President Trump has summoned the chief executives of America’s largest defense companies to the White House for a Wednesday meeting focused on rebuilding the nation’s depleted munitions stockpiles, according to The Wall Street Journal and The Hill.

The gathering includes senior Pentagon officials and is expected to be contentious. It was originally scheduled earlier this month but was postponed while administration officials managed negotiations to end the Iran war.

Trump addressed the meeting from the Oval Office on Monday, confirming the planned session and announcing that automakers would play a role in weapons manufacturing. “We’re building plants all over the country,” Trump said. “Some of the car companies, if they have any excess capacity, they’re making a deal to build missiles and the Patriot in particular.”

Lockheed Martin is already in talks with General Motors to supply parts that could boost munitions output, according to The Wall Street Journal. Ford is also part of the administration’s effort to convert civilian industrial capacity to defense production.

The push comes as U.S. stockpiles of advanced interceptors remain critically low. Defense analysts warn that Patriot interceptors and Tomahawk cruise missiles were in short supply before the Iran conflict began, and battlefield use has drawn them down further. Trump has insisted publicly that stockpiles are adequate, but the meeting signals administration concern about long-term readiness.

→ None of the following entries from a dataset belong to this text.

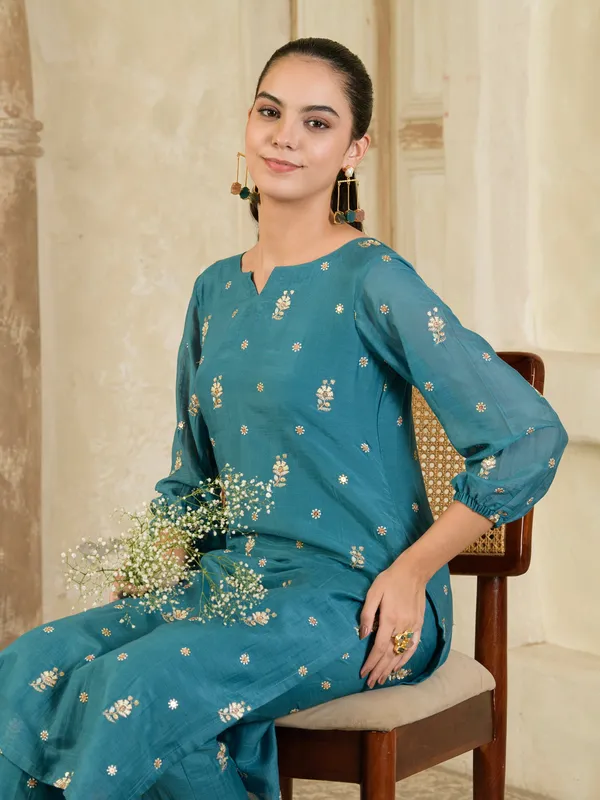 Teal_Blue_Embroidered_Chanderi_Kurta_With_Pants
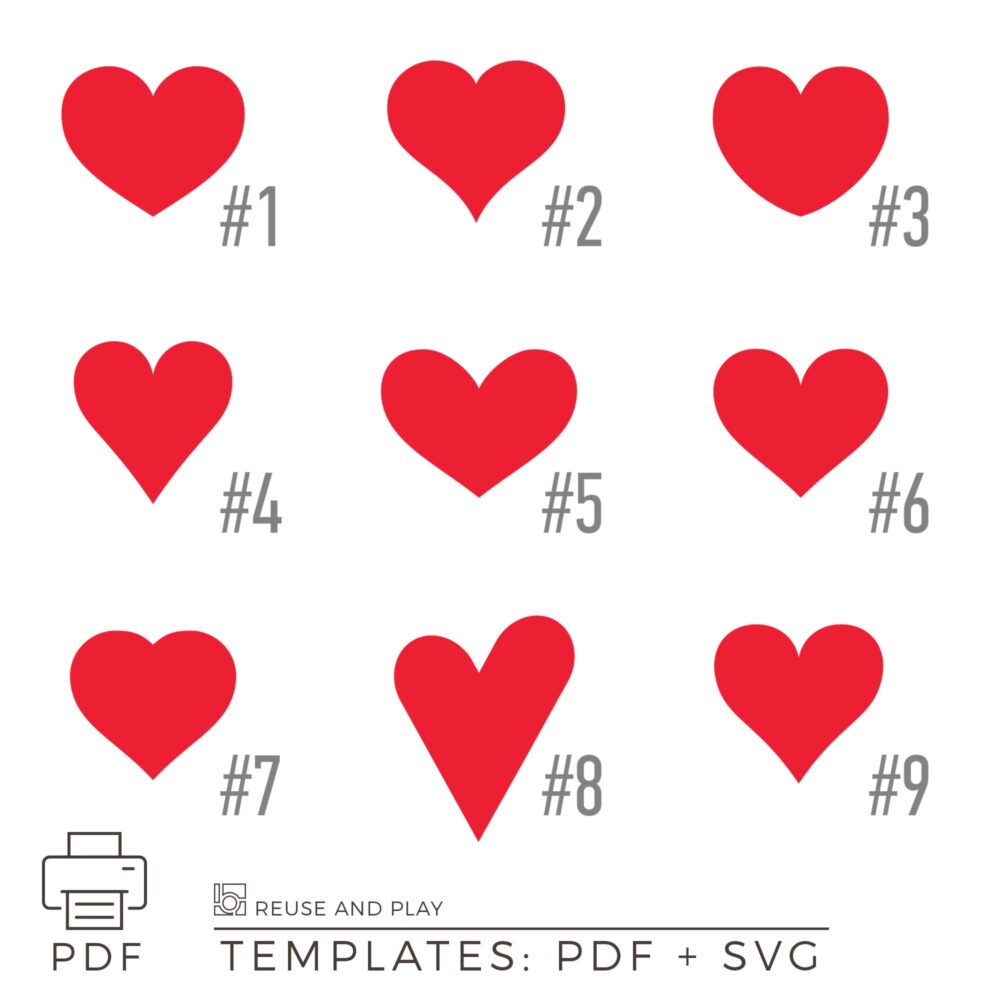 This Heart Templates Pack includes 9 unique styles, each in multiple sizes from 5" to 22" tall. Ready-to-print PDF files (12 numbered pages per style) plus SVG files for cutting machines are included.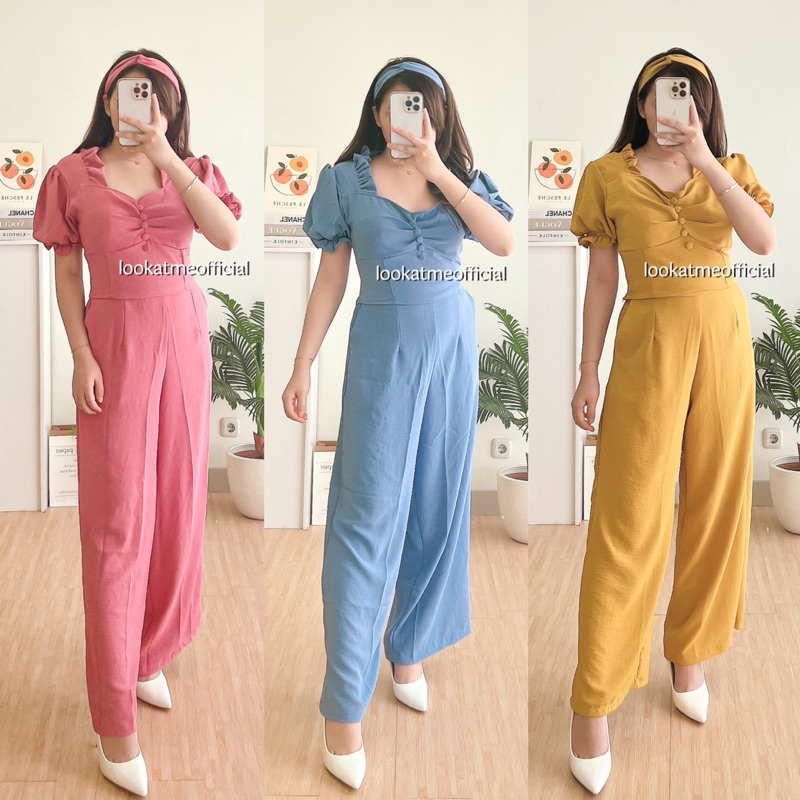 lookatmeofficial - Velysa Set Wanita - Atasan dan Kulot Bahan Crinkle 689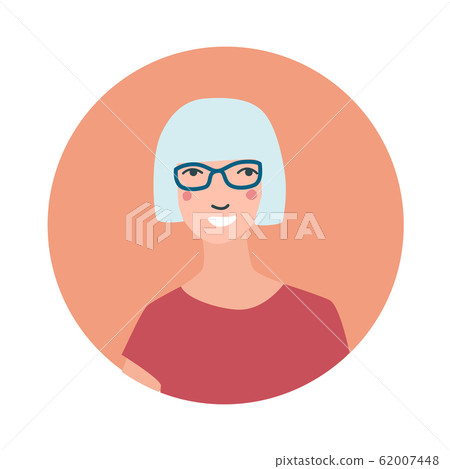 Colourful female face circle in flat style Colourful female face circle in flat style 62007448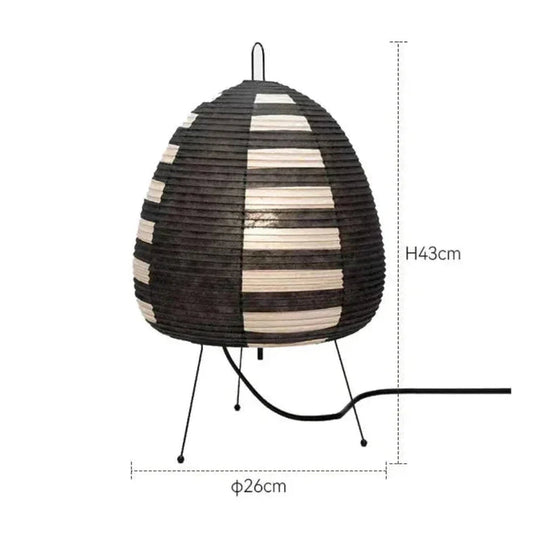 Lampe de table lanterne en papier style japonais | Lampe de bureau rétro trépied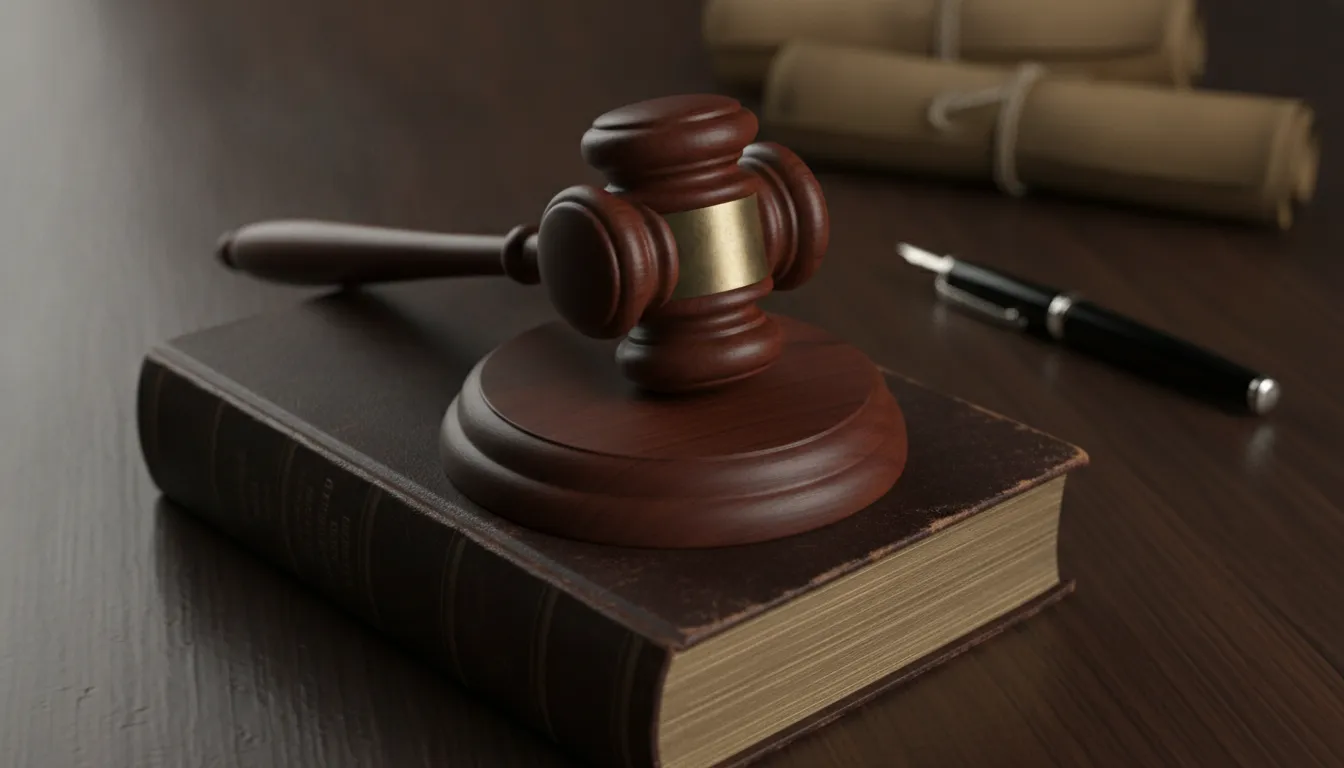 Símbolo de justiça: martelo e livros de lei representam ação advogado em Pinhalzinho.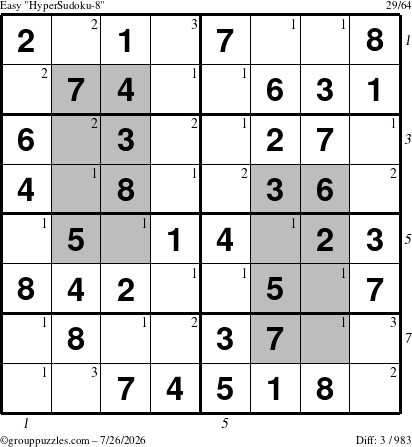 The grouppuzzles.com Easy HyperSudoku-8 puzzle for Sunday July 26, 2026 with all 3 steps marked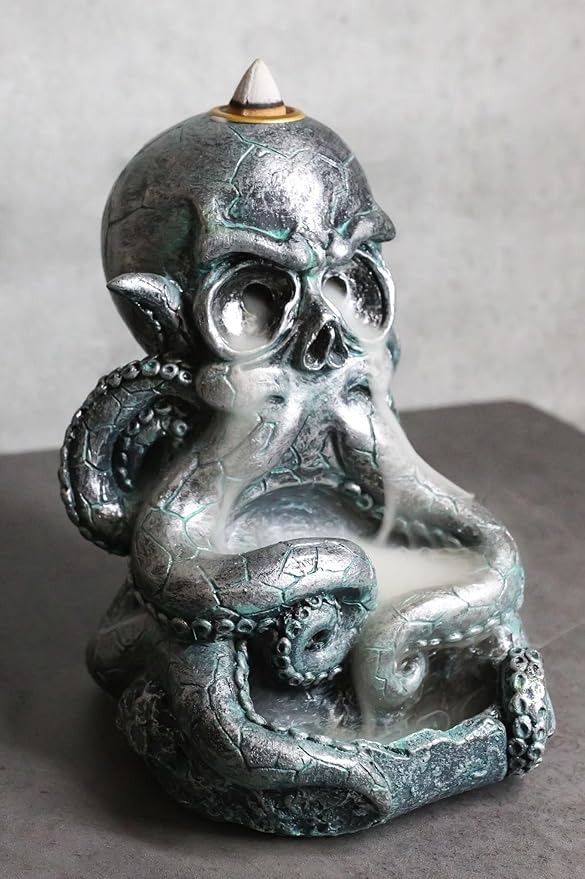 Ebros Gift Nautical Marine Cthulhu Octopus Tentacles Skull Sea Monster Backflow Incense Cone Burner Figurine Home Aromatherapy Fragrance Holder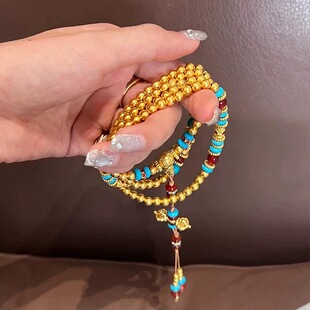 108颗多圈佛珠沙金长项链降魔杵女古法黄金色999磨砂红蓝国风手链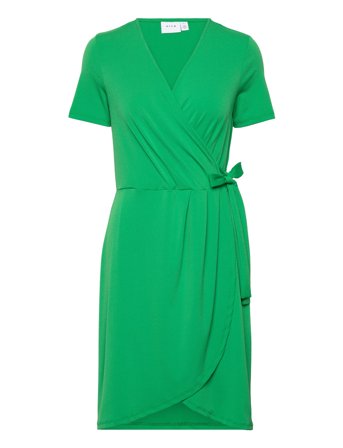 Vinayeli S/S Knee Wrap Dress/Su - Noos Dresses Summer Dresses Grønn Vila*Betinget Tilbud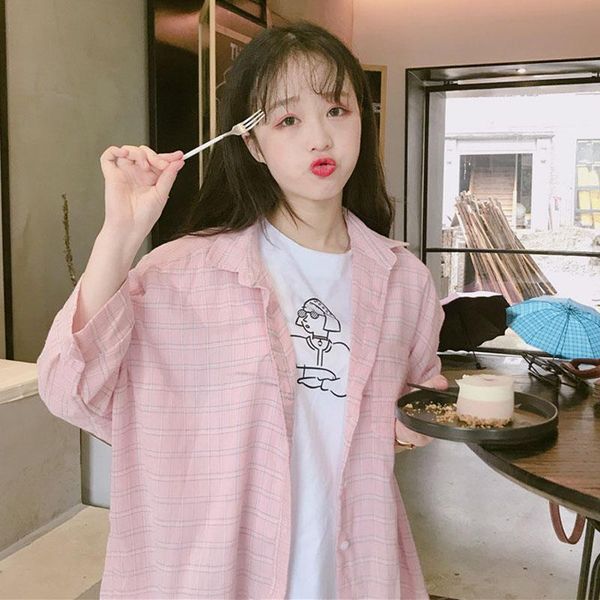 

women's blouses & shirts 2021 autumn retro plaid women blouse summer bat sleeve female loose protection clothing, White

On June 11, Trump invoked the Defense Production Act to accelerate weapons manufacturing. In a memo to Defense Secretary Pete Hegseth, Trump wrote that systemic constraints in the munitions industrial base, “including limited production capacity, fragile supply chains, long-lead dependencies, and related production bottlenecks,” may impair the military’s ability to meet national defense requirements.

The Pentagon is expected to submit a supplemental funding request of roughly $80 billion to cover the cost of the Iran war, a figure more than double what Hegseth and Pentagon Comptroller Jay Hurst testified before Congress earlier this year.

The Pentagon has separately requested nearly $53 billion to increase production of 12 critical munitions systems, including Patriot and THAAD interceptors. A significant portion of that funding is tied to the reconciliation package currently moving through Congress.

Hegseth is scheduled to brief House Republicans on Wednesday at the Republican Study Committee’s weekly lunch. In a New York Post op-ed published Tuesday, Hegseth argued that “the single greatest threat to America’s national security today is under-investment in military spending.”

Trump’s last major meeting with defense contractors came on March 6, when he declared executives from BAE Systems, Boeing, Honeywell, L3Harris, Lockheed Martin, Northrop Grumman, and Raytheon had agreed to quadruple production of advanced weaponry.